At the moment it is as easy to send a truckload of goods from London to Munich as it is from London to Manchester. But, we are told, "if the UK leaves the customs union, businesses will have to fill in additional documents and clear additional checks - in particular, to prove the origin of the goods - even if the UK strikes a favourable trade deal with the EU. Delivery companies say additional tax hurdles - such as paying VAT and duties - are particularly time-consuming".

Thus continues the confusion between "Customs Union" and "Single Market". But, essentially, this is about the Single Market.

To what extent additional checks will apply if we leave is not known, and we cannot know until the shape of the Brexit plan is clear. But it is certainly the case that, if the UK drops out of the Single Market and relies solely on the WTO option – without seeking a negotiated settlement - paperwork will multiply and the number of border checks will increase.

What is not understood fully by many of the pundits that have explored this issues, is that the decision as to whether to check consignments at the borders rest exclusively with Member State customs officials.
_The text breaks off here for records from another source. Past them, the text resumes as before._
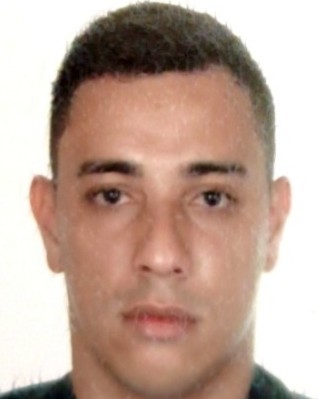 Harlisson Ventura Pires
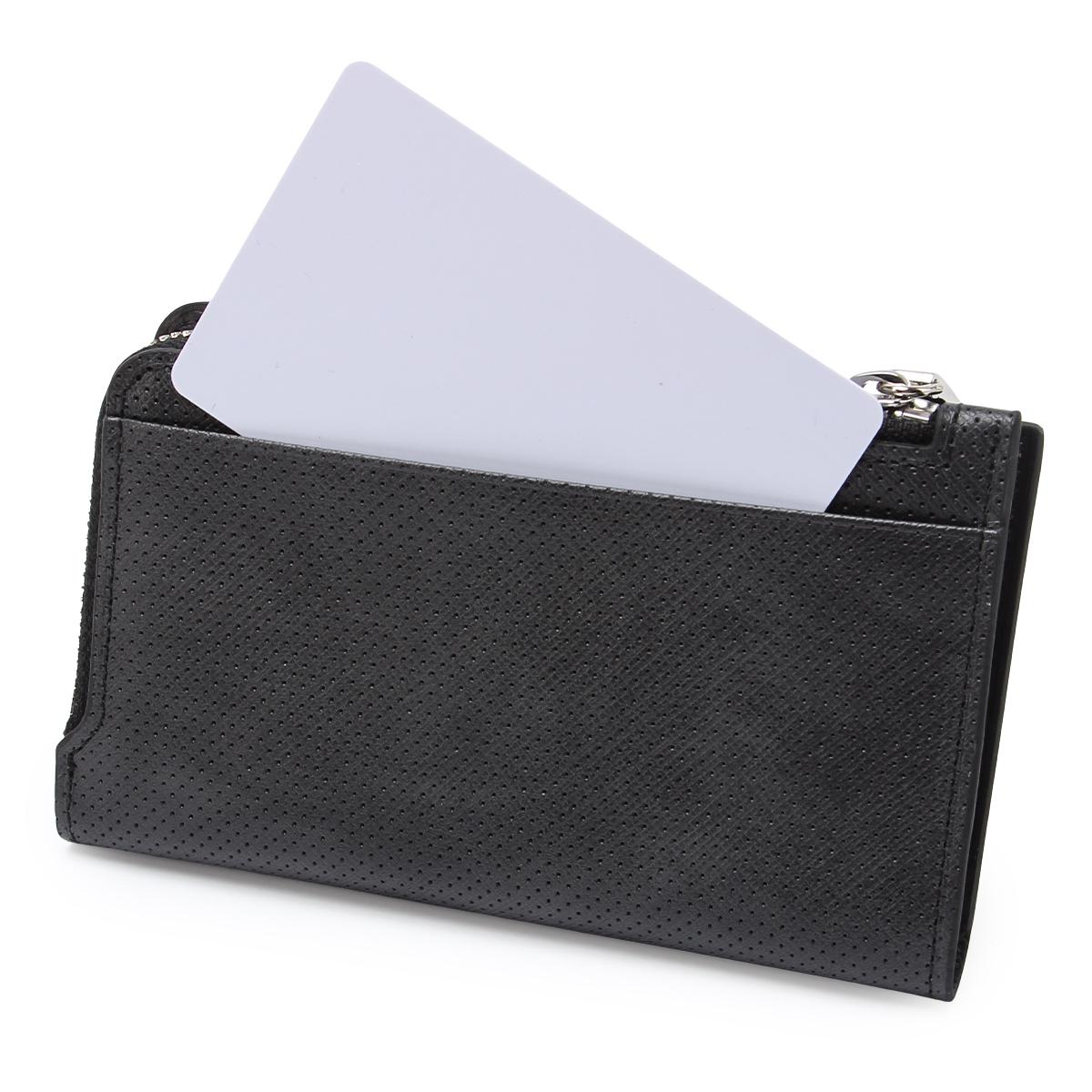 タケオキクチ オルフェーノ カードケース 名刺入れ TAKEO KIKUCHI ORFENO 752601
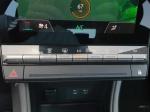 renault-captur-1-0-tce-2025-gasolina-999cc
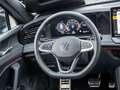 Volkswagen Tiguan 1.5 eTSI DSG Goal Navi R-Kam AHK PDC SHZ Grau - thumbnail 10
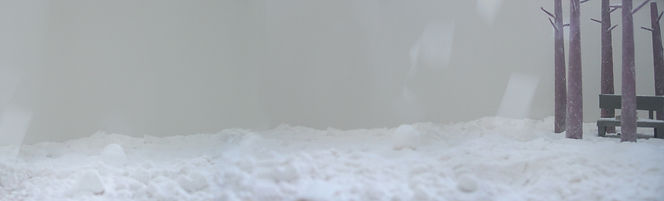 nuevo paisaje 1  chico.jpg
The entire edifice of control rests on Article 46 of the Regulation (EU) No 952/2013 of the Union Customs Code, which defines customs controls as consisting of:
… examining goods, taking samples, verifying the accuracy and completeness of the information given in a declaration or notification and the existence, authenticity, accuracy and validity of documents, examining the accounts of economic operators and other records, inspecting means of transport, inspecting luggage and other goods carried by or on persons and carrying out official enquiries and other similar acts.
The Article goes on to say that the controls, other than random checks, "shall primarily be based on risk analysis" performed within "a common risk management framework, based upon the exchange of risk information and risk analysis results between customs administrations and establishing common risk criteria and standards, control measures and priority control areas".
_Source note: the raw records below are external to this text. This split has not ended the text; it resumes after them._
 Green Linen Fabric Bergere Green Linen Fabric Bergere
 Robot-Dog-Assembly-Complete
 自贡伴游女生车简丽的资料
The "take-home" point from this is that, if the UK is foolish enough to adopt the WTO option, it will be cutting itself off from the "common risk management framework" and all that goes with it. Member State customs authorities thereby will be entitled to take a pessimistic view when applying their risk analyses, stepping up physical checks to whatever levels they deem appropriate.

Yet, a study of US-bound container traffic indicated that if, routinely, as little as 1-2 percent of containers in a major overseas port were examined before loading, it would almost certainly overwhelm the inspection facility. Transfer that finding to, say, Calais, and only a modest increase in inspections could bring chaos.
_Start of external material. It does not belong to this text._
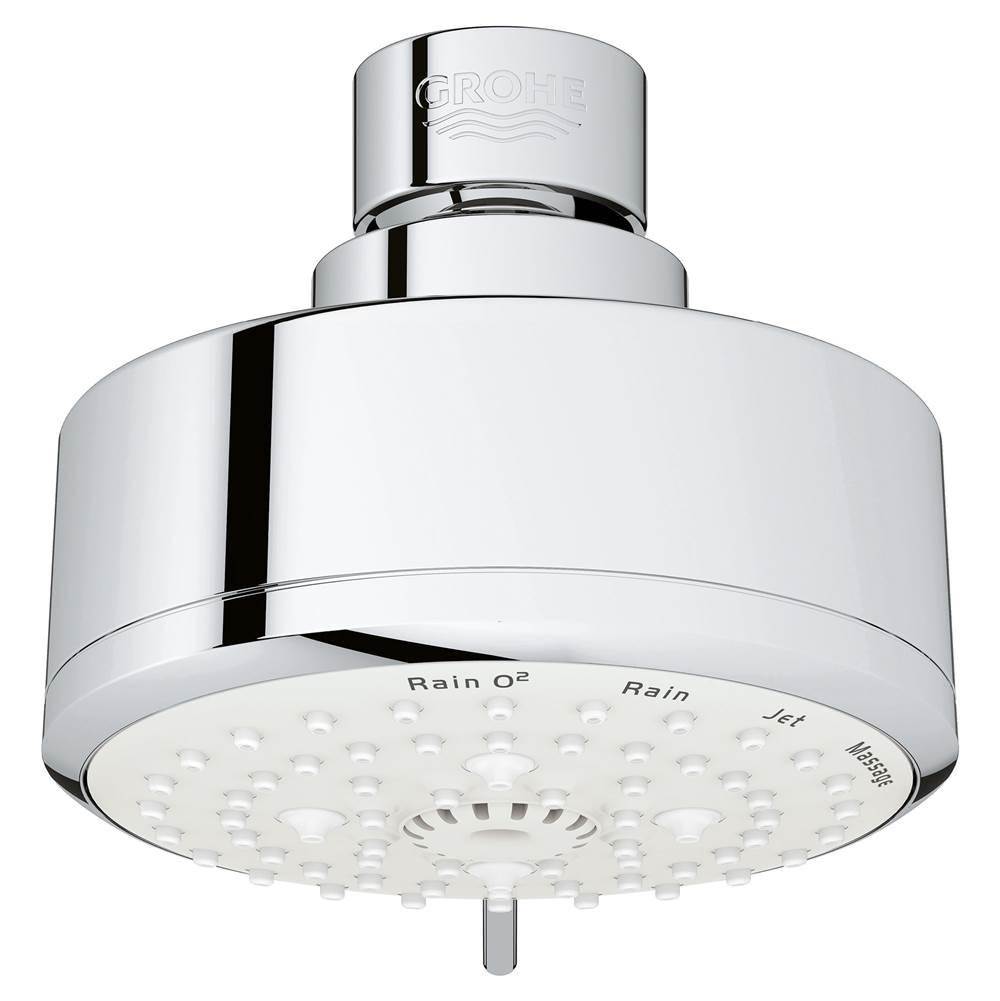 Grohe Canada   item 27591001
At the UK end, we learn from the Financial Times that Treasury officials are exploring the possibility of widening customs facilities at the UK border, especially at Dover, where space is limited. This might involve recruiting hundreds, if not thousands, more customs officers to conduct border checks.

However, it is acknowledged that such "efficiency gains" would depend on EU destination countries co-operating and paying for similar upgrades of staff and capacity. France, as we know, has limited infrastructure to deal with the extra customs requirements. And European officials admit they are only just beginning to understand the scale of the Brexit challenge.

Apart from anything else, employing more customs officers would be especially costly for the UK government. The UK has a comparatively lean operation by EU standards, employing only 5,000 customs officers. Germany employs 35,218 and France 16,500, according the World Customs Organisation. An extra 5,000 officers could cost as much as £250 million every year. Additional costs could run to several billion pounds per year.

Yet still, confusion reigns. In a masterful blurring of the issues, the Financial Times asserts that senior Whitehall officials are convinced "ministers have little choice but to leave the customs union because remaining would leave Britain with little autonomy over trade".

If this bizarre analysis represents the actual thinking in Whitehall, we are in serious trouble. It would mean that those planning for Brexit haven't even touched first base.